Die Grenzen der Wärmenutzung
Mehr als die Bewohnerinnen und Bewohner zu versorgen, ist in Birklingen erst einmal nicht drin: "Wir haben keine Industrie, bloß ein paar Häuser", sagt Schwab. Beide Betriebe haben sich Alternativen zur Nutzung der Wärme gesucht, die bei Biogasanlagen ja erst einmal nur Nebenprodukt der Stromerzeugung ist. Schwab trocknet Scheitholz und Servatius trocknet Hackschnitzel, jeweils für externe Auftraggeber.
"Die überschüssige Wärme kann auf verschiedene Arten und Weisen genutzt werden", sagt Wilfried Distler, Geschäftsführer des Bauernverbands Kitzingen (BBV). Orte könnten sogar selbst bei Landwirten wegen eines Wärmenetzes anfragen. Der springende Punkt sei: Wer übernimmt die Kosten für die Leitungen? Neue Biogasanlagen werden Distler zufolge im Landkreis derzeit außerdem nicht mehr gebaut; bei vorhandenen allerdings teils die Leistung aufgerüstet, wodurch wieder mehr Abwärme entstehen kann. Ein Wärmenetz könnte also auch nach Jahren noch nachträglich angebracht oder erweitert werden. Wird statt der Wärme das Gas direkt zu einem Heiz(kraft)werk transportiert, seien laut Distler auch weitere Strecken möglich.

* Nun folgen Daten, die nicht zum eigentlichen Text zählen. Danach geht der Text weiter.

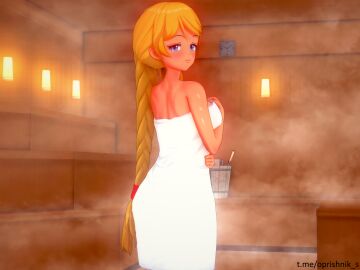 1girls 3d bathhouse big_breasts blonde_hair blue_eyes braid braids breasts everlasting_summer female koikatsu light-skinned_female light_skin long_hair oprishnik-s_(artist) sauna slavya-chan slavya-tan slavya_(everlasting_summer) smile smiling solo steam towel towel_only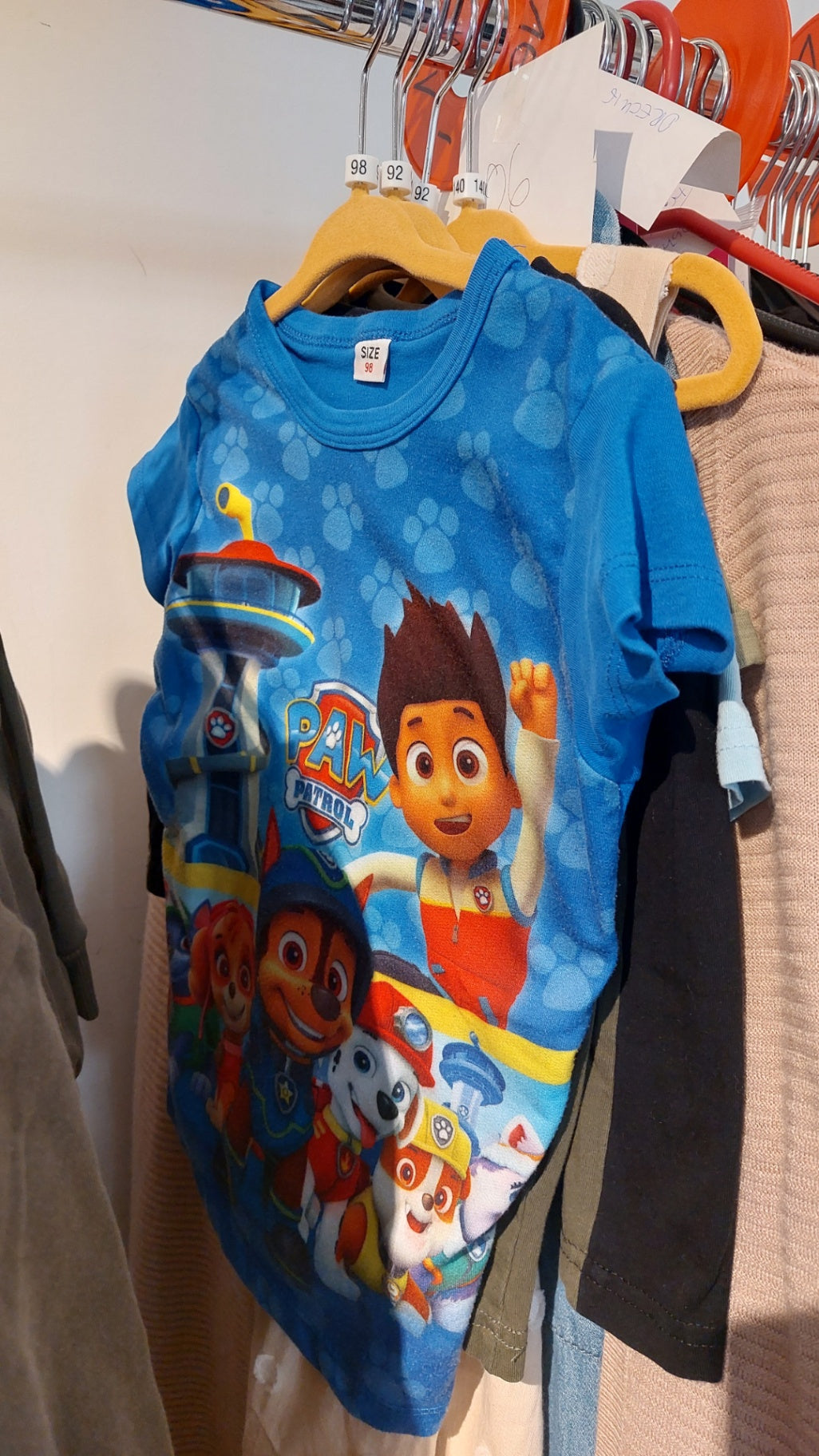 Paw Patrol T-Shirt Blau Größe: 98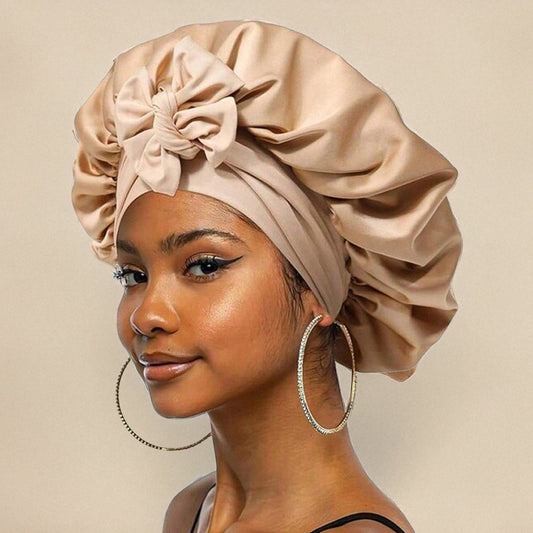 Luxurious Silk Sleep Cap - Protection and Comfort for Your Hair at Night
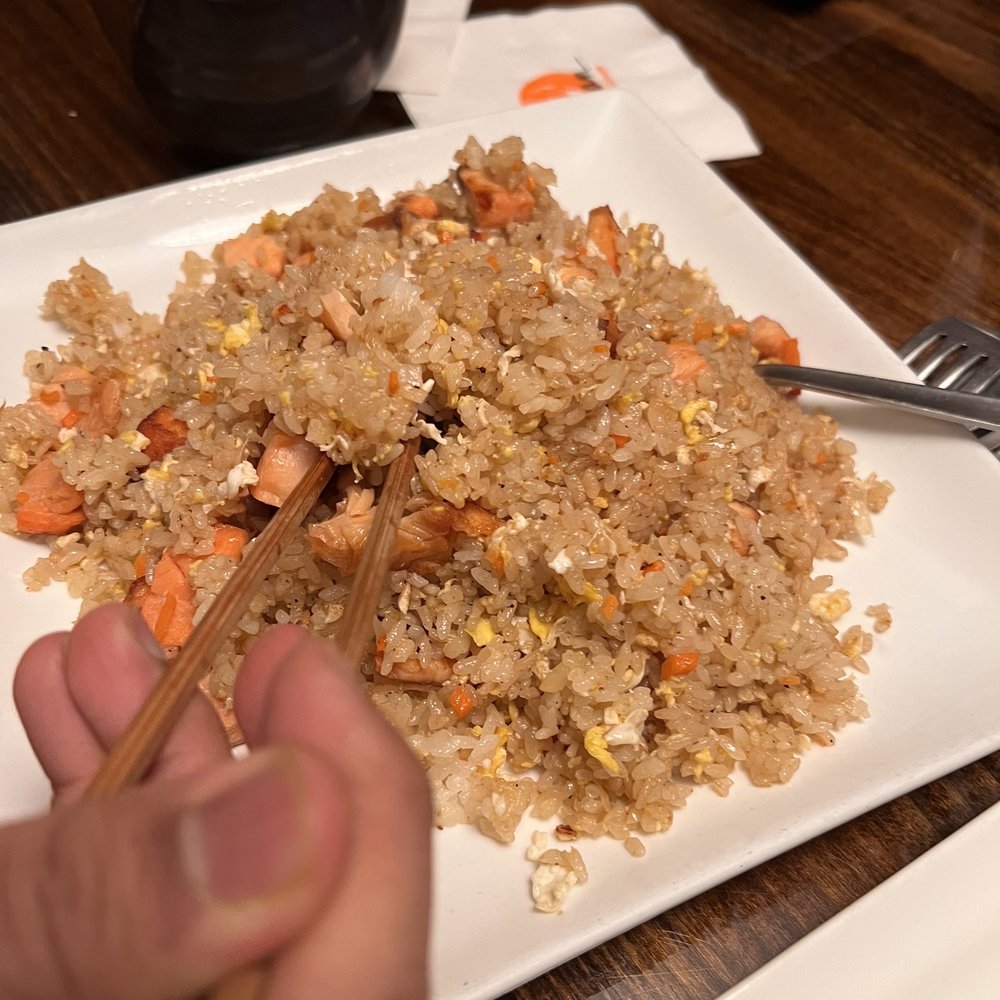 Tenzan - Salmon Fried Rice - Japanese Near Me - Brooklyn, New York Tenzan - Salmon Fried Rice - Japanese Near Me - Brooklyn, New York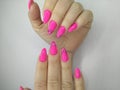 beautiful pink nails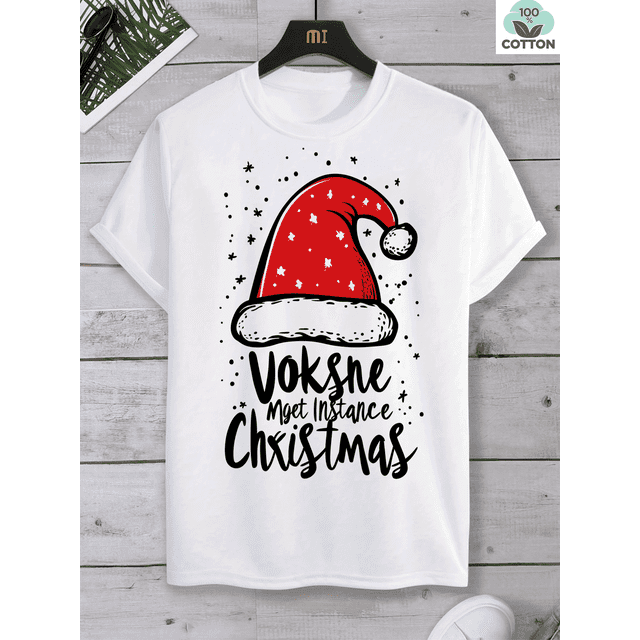 T Shirt Men'S 180Gsm Heavyweight 100% 1pc Halloween Christmas Red Poppy Pattern Men'S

Nah genug für ein Nahwärmenetz liegt von Birklingen aus eigentlich nur der Ort Ziegenbach (Lkr. Neustadt an der Aisch-Bad Windsheim). Die beiden Landwirte aus Birklingen könnten sich eine Ausweitung nach Ziegenbach vorstellen, haben aber jeweils auch Zweifel. "In einem neuen Dorf kostest das ganz schön Überzeugungsarbeit", sagt Schwab und Servatius stellt die Frage nach der Finanzierbarkeit einer so langen Leitung.
Energiebedarf muss sich mit Leitungskosten treffen

Gegenüber der Gemeinde Ziegenbach wurde laut zweitem Bürgermeister Markus Stubenrauch kein Interesse oder Bedarf eines Anschlusses an ein Nahwärmenetz von Birklingen aus bekundet. Er weiß von Eigenversorgern mit Holz und Hackschnitzeln in der Gemeinde – zudem seien die Haushalte durch kommunale Bauarbeiten derzeit schon finanziell belastet. "Wenn der Wunsch entsteht, müsste man schnell zum Zuge kommen", sagt Stubenrauch. Denn in Ziegenbach starte gerade die Dorferneuerung und der Kanalbau.
Distler vom BBV kennt sogar den Fall eines Landwirts, der während Straßenbaumaßnahmen erst einmal Leerrohre verlegt hat, um die Gelegenheit zu nutzen. Doch beispielsweise in Neubaugebieten stelle sich die Frage nach der Rentabilität einer solchen Leitung besonders: "Neu gebaute Häuser haben weniger Energiebedarf", sagt Distler.
Ideen für eine noch emissionsfreiere Zukunft
Wärmeüberschuss hätten die Birklinger Betriebe immer noch, der genutzt werden könnte. Allerdings "im kleinen Stil", sagt Servatius, der auch seine Ställe mit der Biogas-Wärme versorgt. Im Bereich der Stromnutzung will er noch autarker werden. In den nächsten Wochen wird er einen Stromspeicher mit rund 50 kW in Betrieb nehmen.
Thomas Schwab kann sich einen Biogas-Traktor vorstellen, den er mit eigenem Kraftstoff bedienen könnte. Diese Technologie ist jedoch Zukunftsmusik. Bis dahin werden seine Rinder weiterhin viele Tonnen Futter verdrücken; nichtsahnend, welche Hoffnungen auf ihnen lasten.